## WHAT THIS TASK INVOLVES
Directions for the data below: repeat exactly the lines from the one with "Used 2025 Jeep" through the one with "Epiphone Joe Bonamassa", both included, and omit all pictures.

## TASK INPUTS
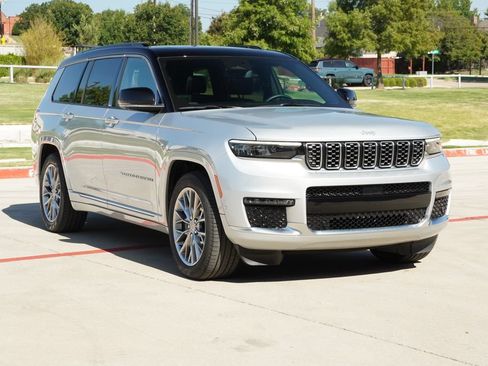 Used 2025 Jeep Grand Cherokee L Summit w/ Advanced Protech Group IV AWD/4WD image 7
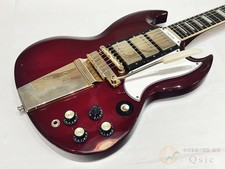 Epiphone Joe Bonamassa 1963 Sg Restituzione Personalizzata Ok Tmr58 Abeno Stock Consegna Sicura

* * *

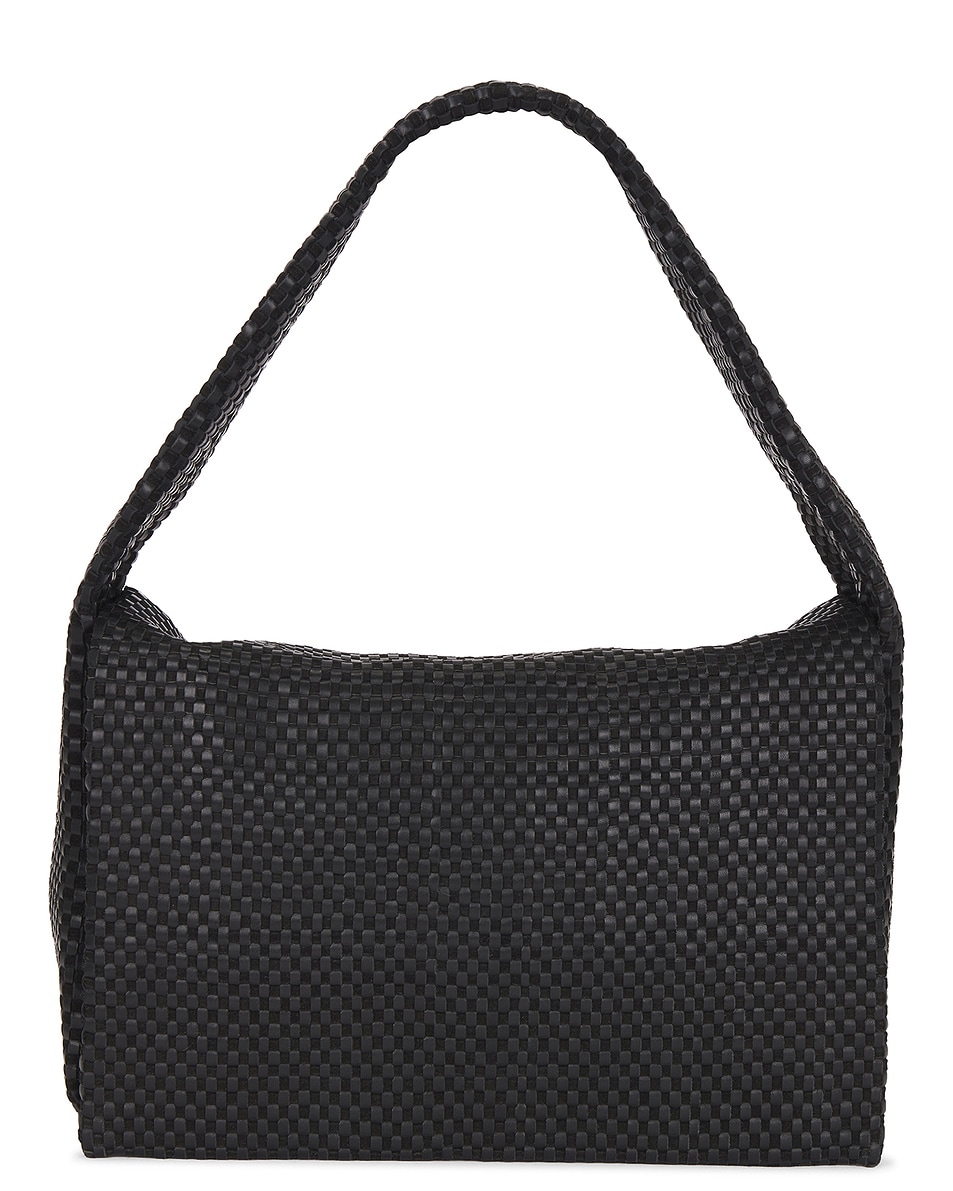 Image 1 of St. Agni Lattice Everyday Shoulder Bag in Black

## TASK OUTPUT
 Used 2025 Jeep Grand Cherokee L Summit w/ Advanced Protech Group IV AWD/4WD image 7
 Epiphone Joe Bonamassa 1963 Sg Restituzione Personalizzata Ok Tmr58 Abeno Stock Consegna Sicura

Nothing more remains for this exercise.